Log::create_stream(Foo::LOG, [$columns=Info, $ev=log_foo,
$path="foo"]);
}
All of Zeeks default log streams define such an event. For example, the
connection log stream raises the event :zeek:see:`Conn::log_conn`. You could
use that for example for flagging when a connection to a specific destination
exceeds a certain duration:
.. code-block:: zeek
redef enum Notice::Type += {
## Indicates that a connection remained established longer
## than 5 minutes.
Long_Conn_Found
};
event Conn::log_conn(rec: Conn::Info)
{
if ( rec?$duration && rec$duration > 5mins )
NOTICE([$note=Long_Conn_Found,
$msg=fmt("unusually long conn to %s", rec$id$resp_h),
$id=rec$id]);
}
Often, these events can be an alternative to post-processing Zeek logs
externally with Perl scripts. Much of what such an external script would do
later offline, one may instead do directly inside of Zeek in real-time.
Disable a Stream
----------------
One way to “turn off” a log is to completely disable the stream. For example,
the following example will prevent the :file:`conn.log` from being written:
.. code-block:: zeek
event zeek_init()
{
Log::disable_stream(Conn::LOG);
}
Note that this must run after the stream is created, so the priority of this
event handler must be lower than the priority of the event handler where the
stream was created.
Delaying Log Writes
-------------------
.. versionadded:: 6.2
The logging framework allows delaying log writes using the
:zeek:see:`Log::delay` function.
This functionality enables querying or waiting for additional data to attach to
an in-flight log record for which a :zeek:see:`Log::write` has happened.

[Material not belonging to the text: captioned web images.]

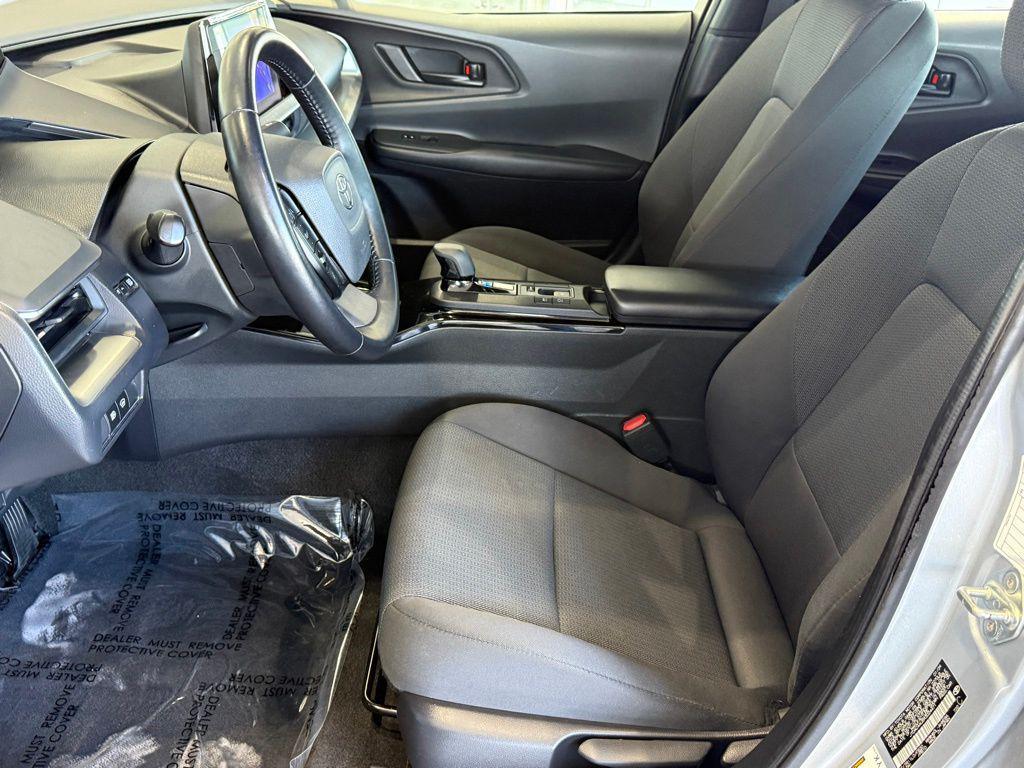 used 2024 Toyota Prius car, priced at $24,762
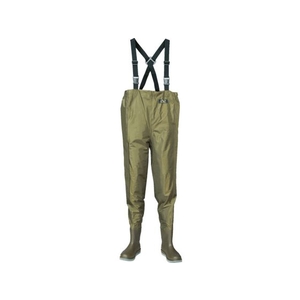 阪神素地 W-79 ナイロンウェーダー 先丸 28.0cm カーキ2813996 FC707FB-4817443-イメージ1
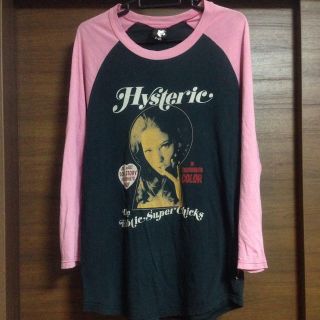 ヒステリックグラマー(HYSTERIC GLAMOUR)の値下げ！hysteric ラグラン★(Tシャツ/カットソー(七分/長袖))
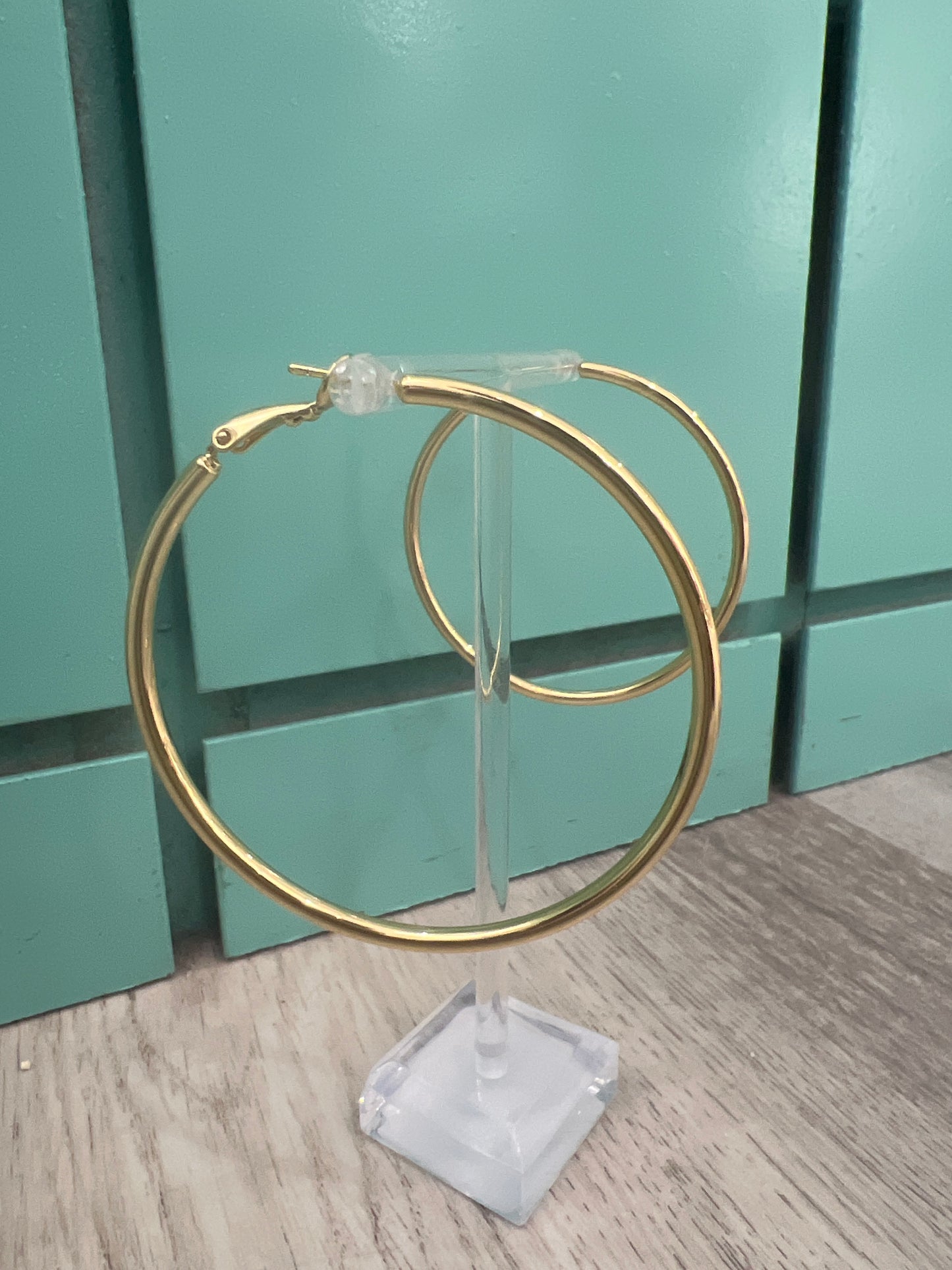 Gold Hoops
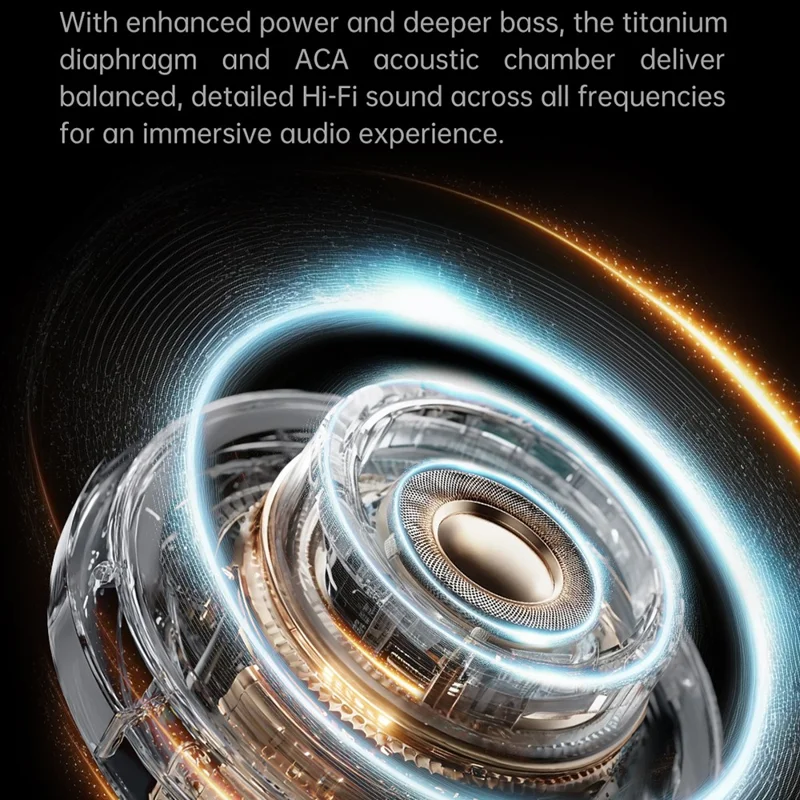 BLACK SHARK V2 Cuffie Bluetooth a bassa latenza compatibili Cuffie wireless Over Ear con cancellazione del rumore ANC - Nero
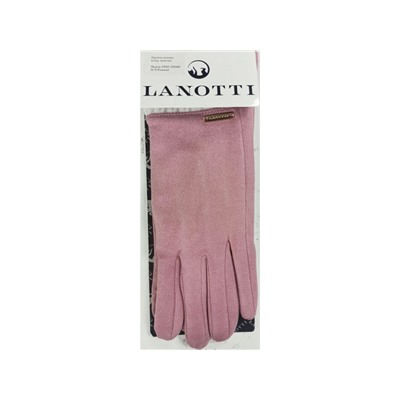 Перчатки Lanotti SWEC-2351601/розовый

Common examples are the execution of DNS reverse lookups for the addresses
of a connection, or - more generally - asynchronous queries to external systems.
Similarly, waiting a small duration for more data from an external process
pertaining to specific connections or events is another. For example, endpoint
agents may provide detailed process information for specific connections
logged by Zeek.
Conceptually, the delay of a log record is placed after the execution of the
global :zeek:see:`Log::log_stream_policy` hook and before the execution of
:ref:`policy hooks attached to filters <logging-filtering-log-records>`.
At this point, calling :zeek:see:`Log::delay` is only valid for the currently
*active write* during the execution of the global :zeek:see:`Log::log_stream_policy`
hook. Calling :zeek:see:`Log::delay` in any other context or with the wrong
arguments results in runtime errors.
.. note::
While this may appear very restrictive, it does make it explicit that it is
the action of a :zeek:see:`Log::write` for a given stream and log record
that is being delayed as well as providing a defined point where a delay starts.
Prior ideas entertained the idea of an implicit and very lax interface, but
in the end was deemed too loose and provided too much flexibility that would
be hard to later restrict again or keep stable. The current interface might
be made more lax in the future if it turns out to be too rigid.
By default, log records are not delayed. That is, during the execution of
the :zeek:see:`Log::write` function, a serialized version of the given log
record is handed off to a remote logger or a local logging thread.
Modifications of the same log record after :zeek:see:`Log::write` has returned
have no effect.
In contrast, when a log write is delayed using the :zeek:see:`Log::delay`
function, the record is enqueued into a per-stream record queue and the
:zeek:see:`Log::write` returns. Processing of the delayed write resumes once
it is released by using the :zeek:see:`Log::delay_finish` function or until
a maximum, per-stream configurable, delay duration expires.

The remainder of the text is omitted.